We can create a vector of incremental numbers

In [33]:
x = torch.arange(0, 10)
print(x)

tensor([0, 1, 2, 3, 4, 5, 6, 7, 8, 9])


Sometimes it's useful to have an integer-based arange for indexing

In [34]:
x = torch.arange(0, 10).long()
print(x)

tensor([0, 1, 2, 3, 4, 5, 6, 7, 8, 9])


#### Operations

Using the tensors to do linear algebra is a foundation of modern Deep Learning practices

**Reshaping** allows you to move the numbers in a tensor around.  

In PyTorch, reshaping is called `view`:

(*from the documentation: *)
> Returns a new tensor with the same data as the self tensor but of a different shape.
>  The returned tensor **shares the same** data and must have the same number of elements, but may have a different size. For a tensor to be viewed, the new view size must be compatible with its original size and stride

We can use view to add size-1 dimensions, which can be useful for combining with other tensors.  

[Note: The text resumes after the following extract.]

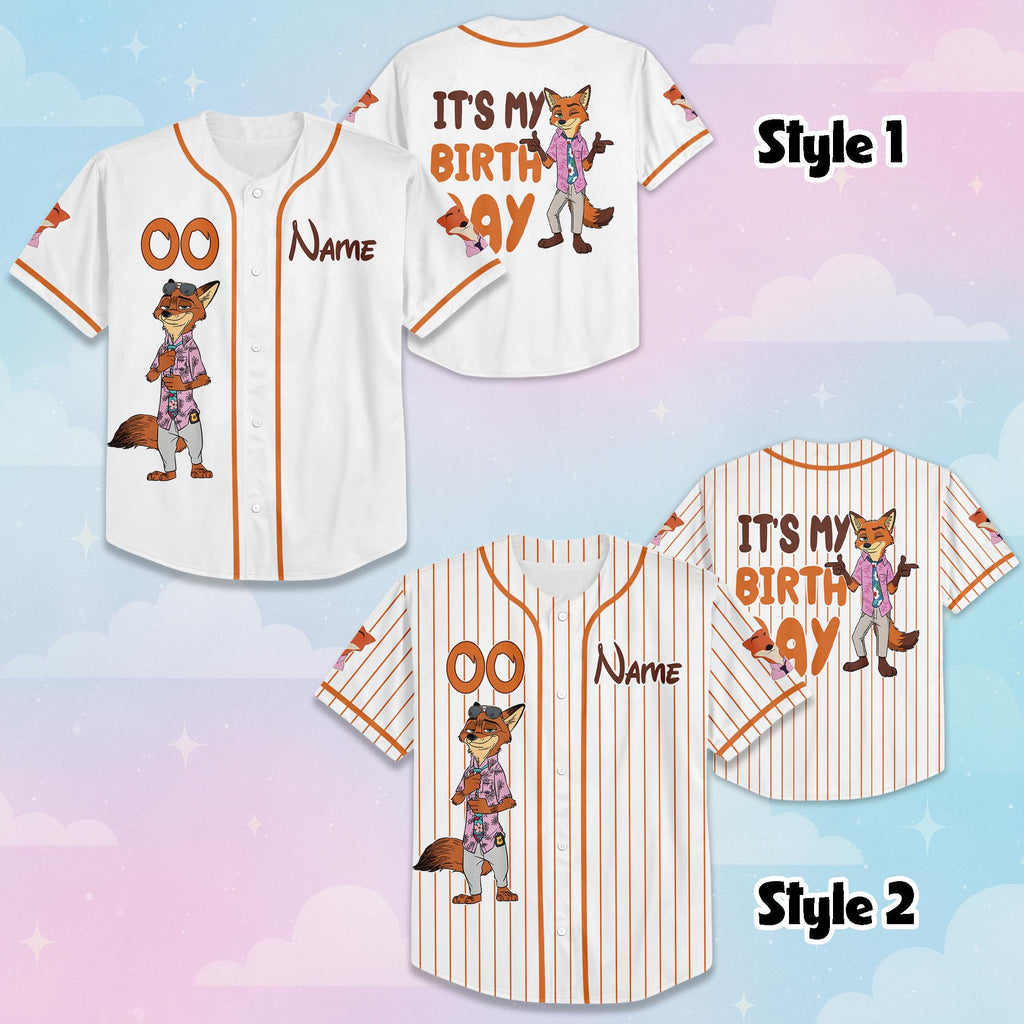 Custom Nick Wilde Birthday Baseball Jersey, Personalized Disney Zootopia 2 Baseball Jersey, Matching Team Outfit, Birthday Gift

**This is called broadcasting.**

In [35]:
x = torch.arange(0, 20)

print(x.view(1, 20))
print(x.view(2, 10))
print(x.view(4, 5))
print(x.view(5, 4))
print(x.view(10, 2))
print(x.view(20, 1))

tensor([[ 0,  1,  2,  3,  4,  5,  6,  7,  8,  9, 10, 11, 12, 13, 14, 15, 16, 17,
         18, 19]])
tensor([[ 0,  1,  2,  3,  4,  5,  6,  7,  8,  9],
        [10, 11, 12, 13, 14, 15, 16, 17, 18, 19]])
tensor([[ 0,  1,  2,  3,  4],
        [ 5,  6,  7,  8,  9],
        [10, 11, 12, 13, 14],
        [15, 16, 17, 18, 19]])
tensor([[ 0,  1,  2,  3],
        [ 4,  5,  6,  7],
        [ 8,  9, 10, 11],
        [12, 13, 14, 15],
        [16, 17, 18, 19]])
tensor([[ 0,  1],
        [ 2,  3],
        [ 4,  5],
        [ 6,  7],
        [ 8,  9],
        [10, 11],
        [12, 13],
        [14, 15],
        [16, 17],
        [18, 19]])
tensor([[ 0],
        [ 1],
        [ 2],
        [ 3],
        [ 4],
        [ 5],
        [ 6],
        [ 7],
        [ 8],
        [ 9],
        [10],
        [11],
        [12],
        [13],
        [14],
        [15],
        [16],
        [17],
        [18],
        [19]])


In [36]:
x = torch.arange(12).view(3, 4)
y = torch.arange(4).view(1, 4)
z = torch.arange(3).view(3, 1)

print(x)
print(y)
print(z)
print(x + y)
print(x + z)

tensor([[ 0,  1,  2,  3],
        [ 4,  5,  6,  7],
        [ 8,  9, 10, 11]])
tensor([[0, 1, 2, 3]])
tensor([[0],
        [1],
        [2]])
tensor([[ 0,  2,  4,  6],
        [ 4,  6,  8, 10],
        [ 8, 10, 12, 14]])
tensor([[ 0,  1,  2,  3],
        [ 5,  6,  7,  8],
        [10, 11, 12, 13]])


Unsqueeze and squeeze will add and remove 1-dimensions.

In [37]:
x = torch.arange(12).view(3, 4)
print(x.shape)

x = x.unsqueeze(dim=1)
print(x.shape)

x = x.squeeze()
print(x.shape)

torch.Size([3, 4])
torch.Size([3, 1, 4])
torch.Size([3, 4])


##### Swapping Axes

Another very common operation to perform requires `swapping` axes when analysing images, due to different internal representation between `numpy` and `torch`.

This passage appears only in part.